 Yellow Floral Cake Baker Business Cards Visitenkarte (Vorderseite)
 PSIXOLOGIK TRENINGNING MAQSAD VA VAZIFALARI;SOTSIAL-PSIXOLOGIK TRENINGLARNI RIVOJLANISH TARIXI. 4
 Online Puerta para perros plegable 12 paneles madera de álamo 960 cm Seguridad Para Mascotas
...
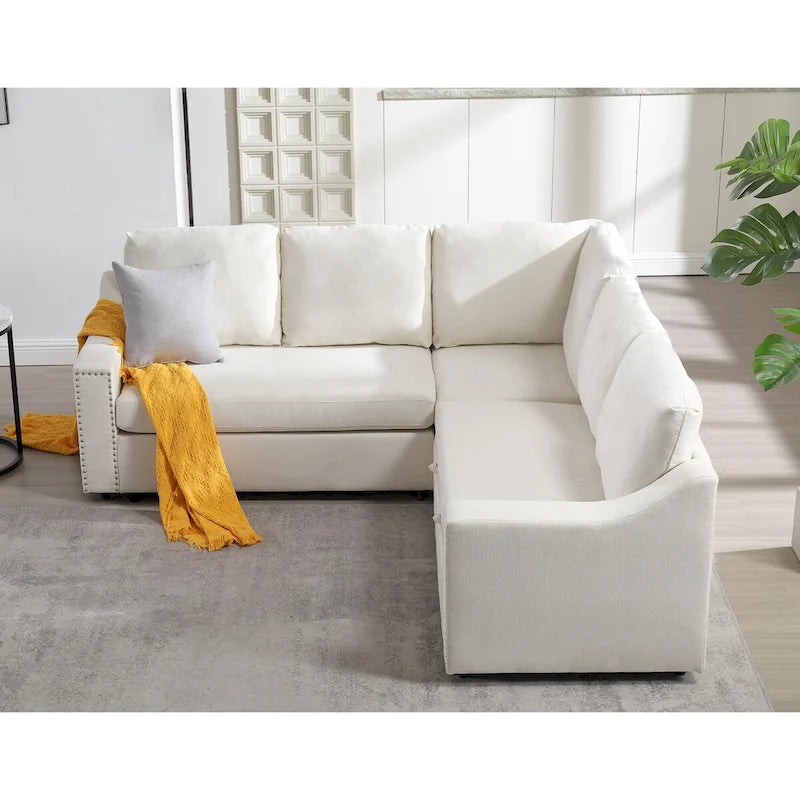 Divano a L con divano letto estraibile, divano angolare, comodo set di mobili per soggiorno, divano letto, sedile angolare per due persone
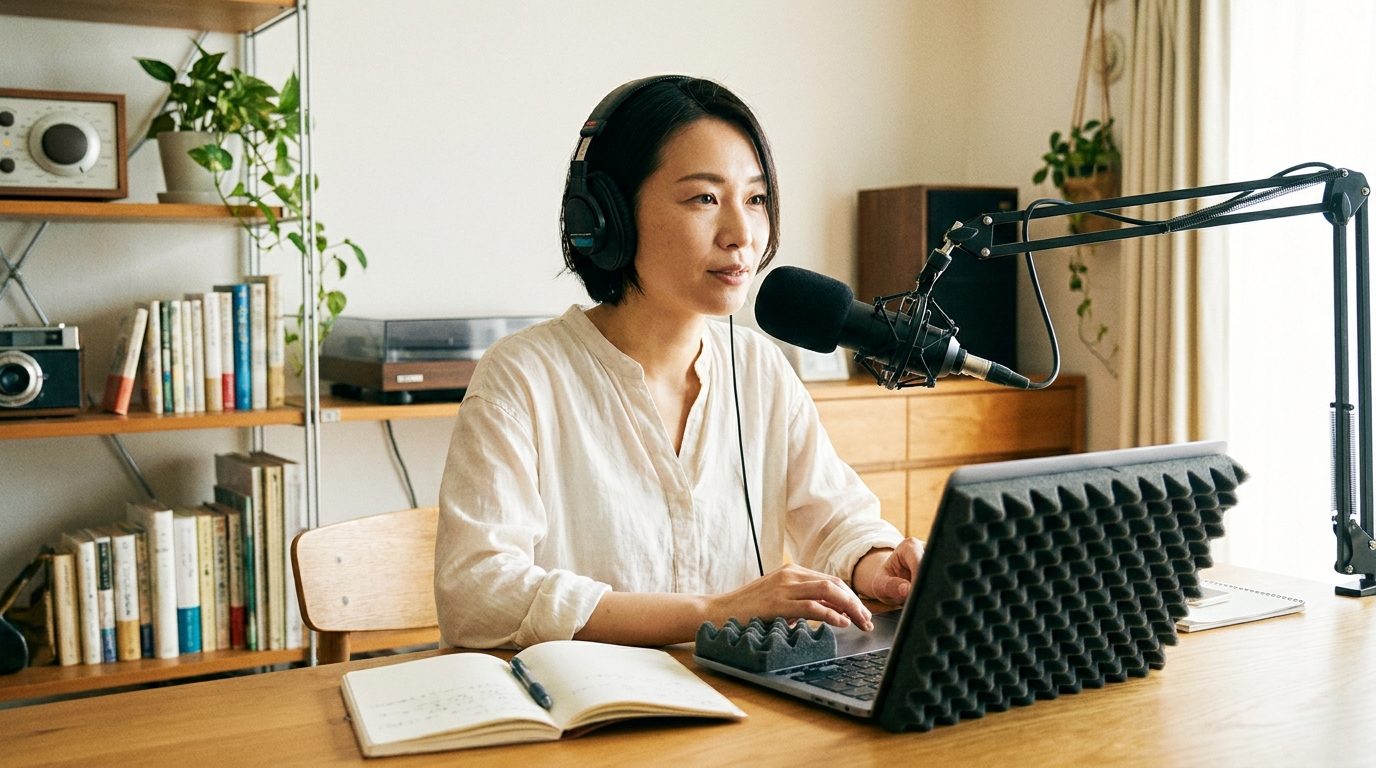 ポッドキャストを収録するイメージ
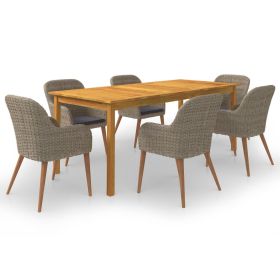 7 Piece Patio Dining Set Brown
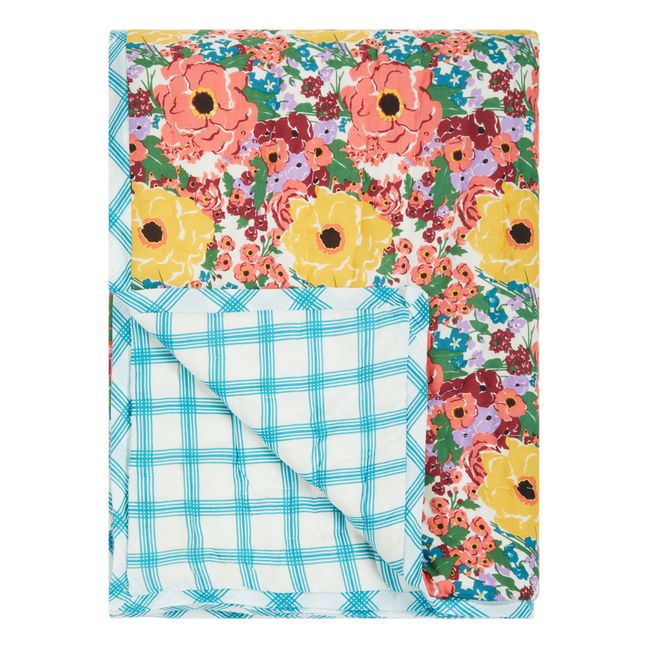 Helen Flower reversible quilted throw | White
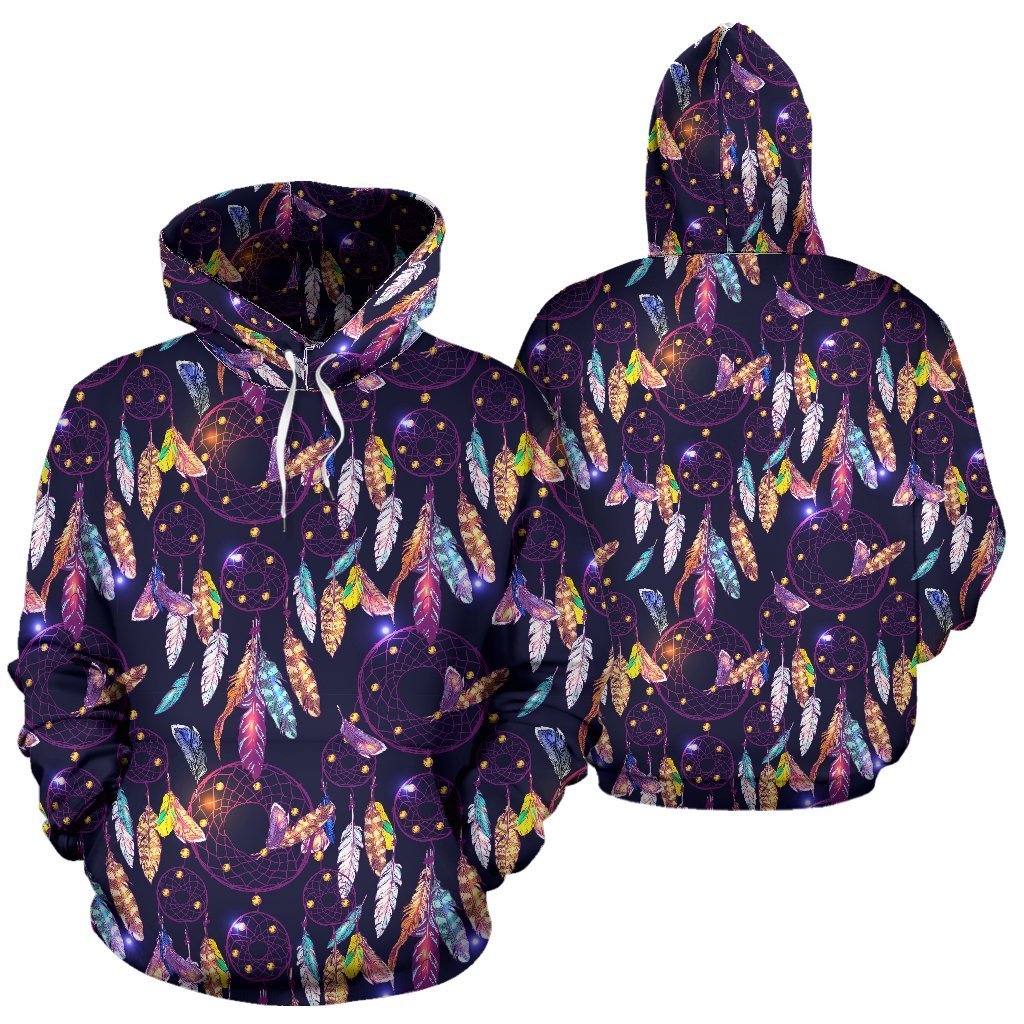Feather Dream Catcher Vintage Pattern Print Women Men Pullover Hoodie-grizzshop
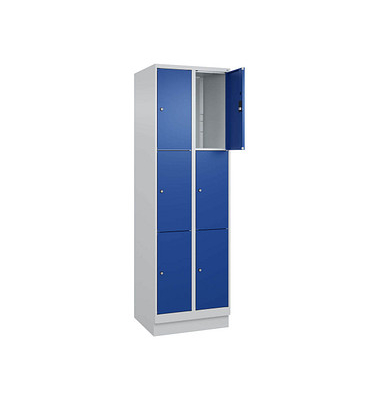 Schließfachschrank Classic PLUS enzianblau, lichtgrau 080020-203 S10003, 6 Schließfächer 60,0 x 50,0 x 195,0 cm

Exercise goal: Above are the records; repeat exactly the lines from the one holding "Yellow Floral Cake" down to the one holding "Online Puerta para", end lines included.

Solved exercise:
 Yellow Floral Cake Baker Business Cards Visitenkarte (Vorderseite)
 PSIXOLOGIK TRENINGNING MAQSAD VA VAZIFALARI;SOTSIAL-PSIXOLOGIK TRENINGLARNI RIVOJLANISH TARIXI. 4
 Online Puerta para perros plegable 12 paneles madera de álamo 960 cm Seguridad Para Mascotas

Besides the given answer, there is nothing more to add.